TASK:
With the pictures excluded, output only the lines from the one containing "Timer! - Bild 3" through the last line of the entries, unchanged.

PROVIDED RECORDS:
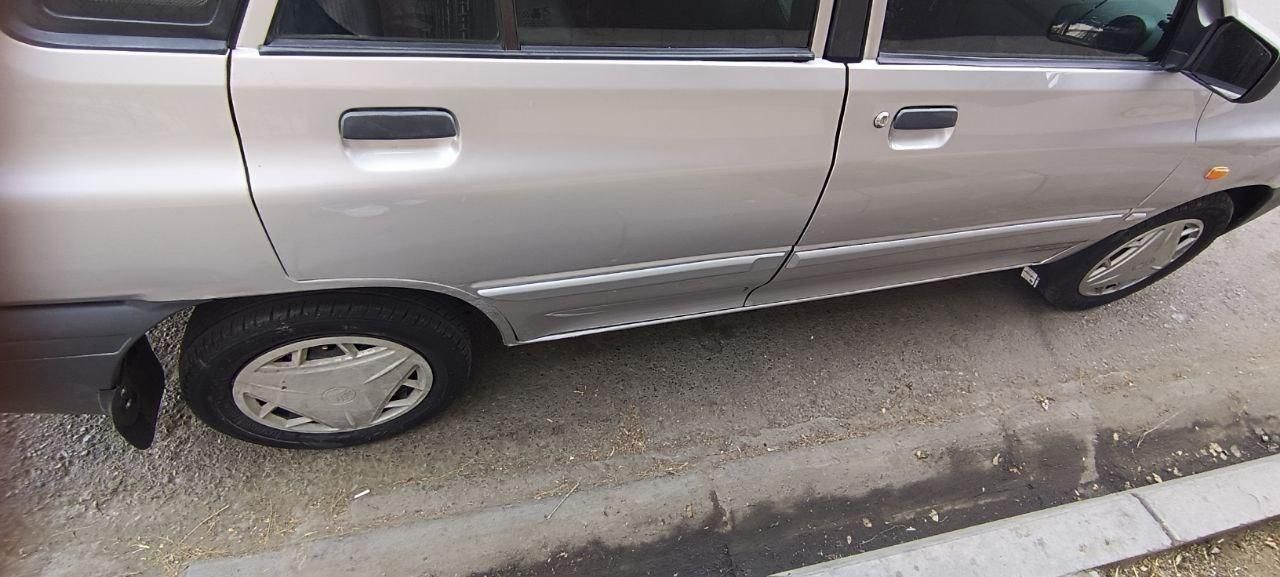 پراید 131 SE - 1392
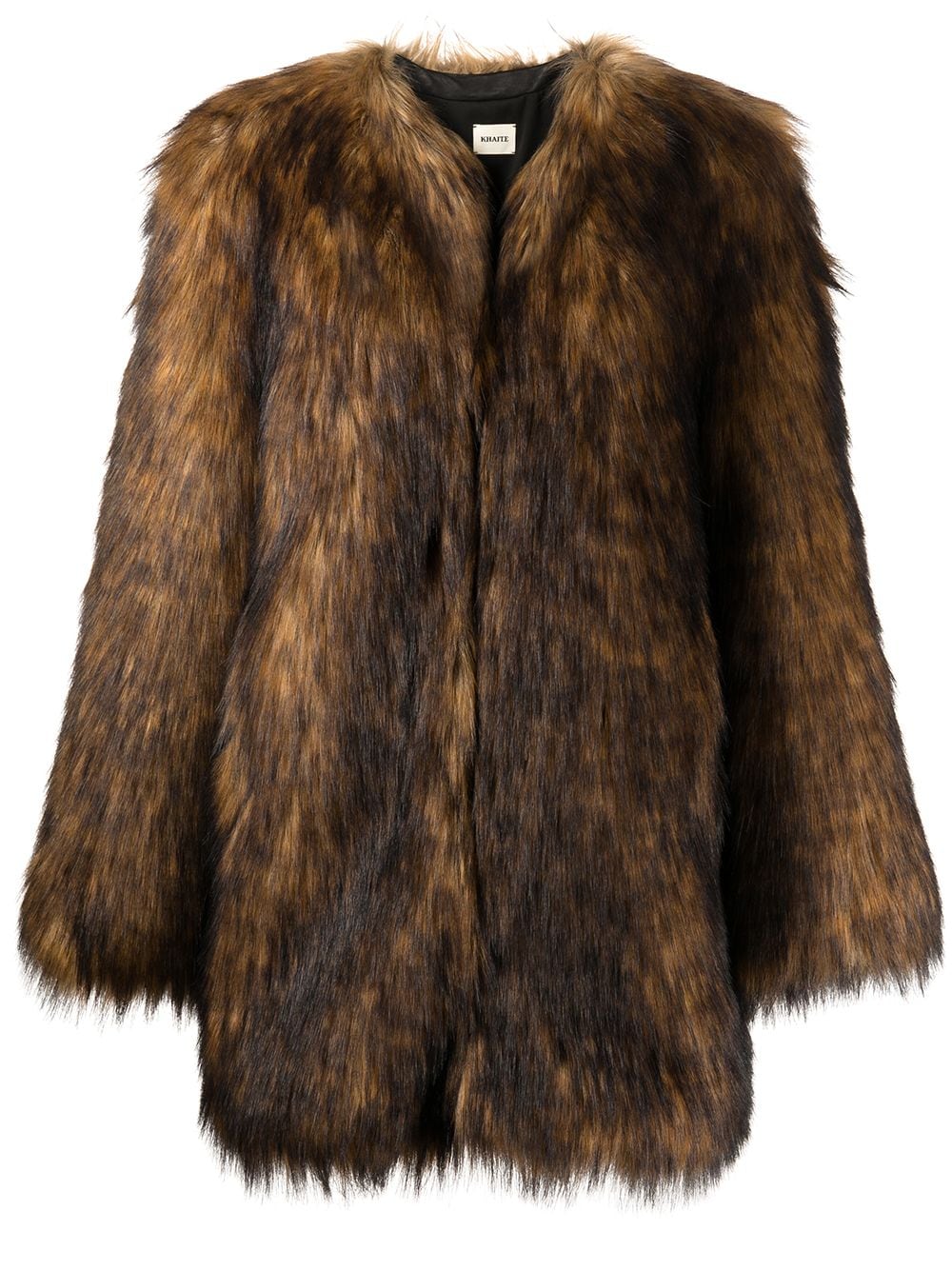 The Remy faux-fur coat
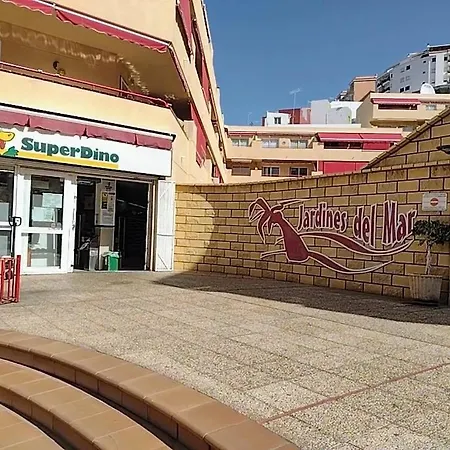 Jardines Del Mar, Puerto De Santiago, Tenerife, Canarias Apartmán *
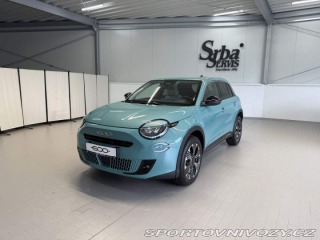 Fiat 600 La Prima 1.2 Turbo Hybrid 2026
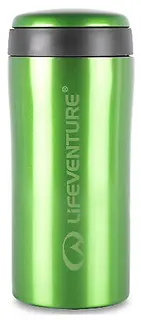 Lifeventure Thermal Mug Matt RødHolder På Varmen I Opptil 4 Timer! 5 Lifeventure Thermal Mug Matt RødHolder På Varmen I Opptil 4 Timer! - Bild 3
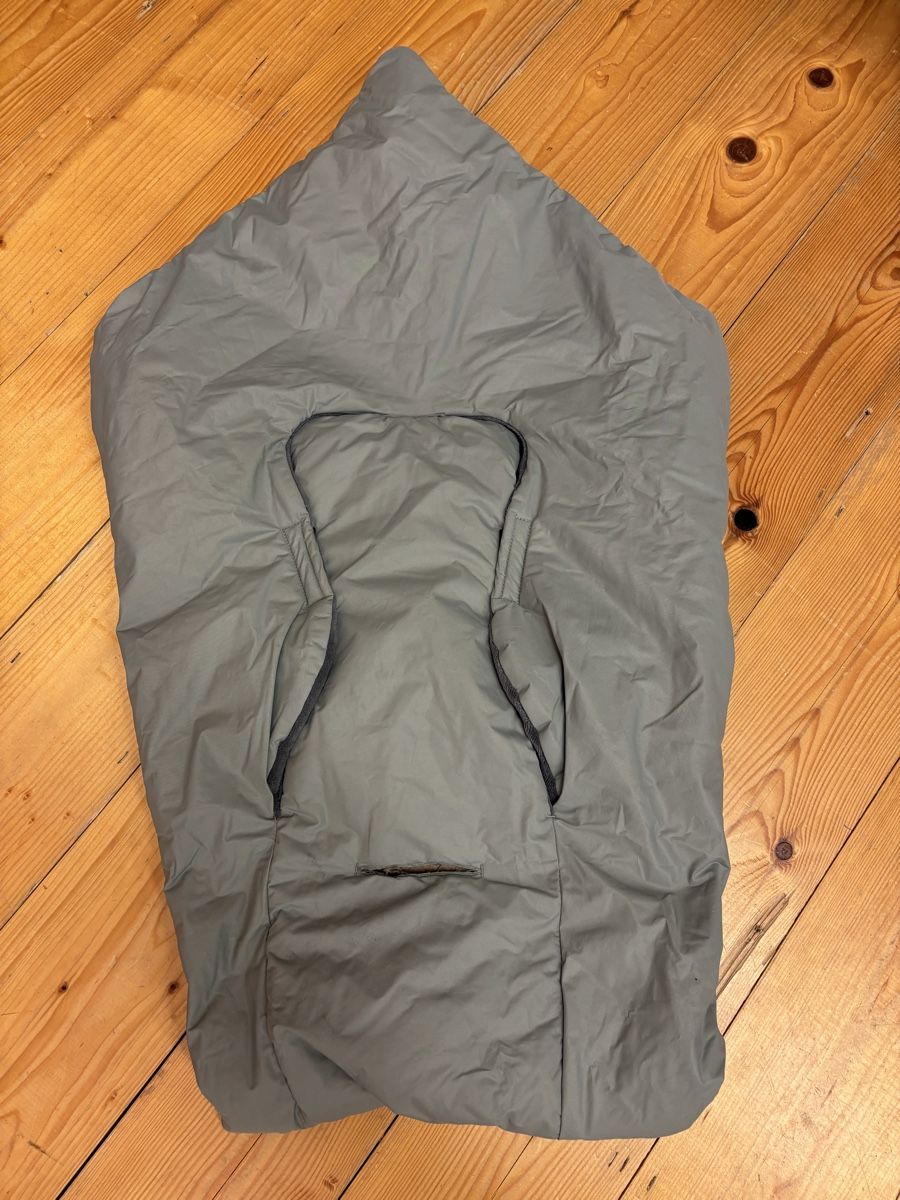Fillikid Sacchi a pelo: Fillikid Winter Fusssack – Usato da Büren an der Aare venduto da Nikito2001 3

RESULT OF THE EXERCISE:
 Lifeventure Thermal Mug Matt RødHolder På Varmen I Opptil 4 Timer! 5 Lifeventure Thermal Mug Matt RødHolder På Varmen I Opptil 4 Timer! - Bild 3
Fillikid Sacchi a pelo: Fillikid Winter Fusssack – Usato da Büren an der Aare venduto da Nikito2001 3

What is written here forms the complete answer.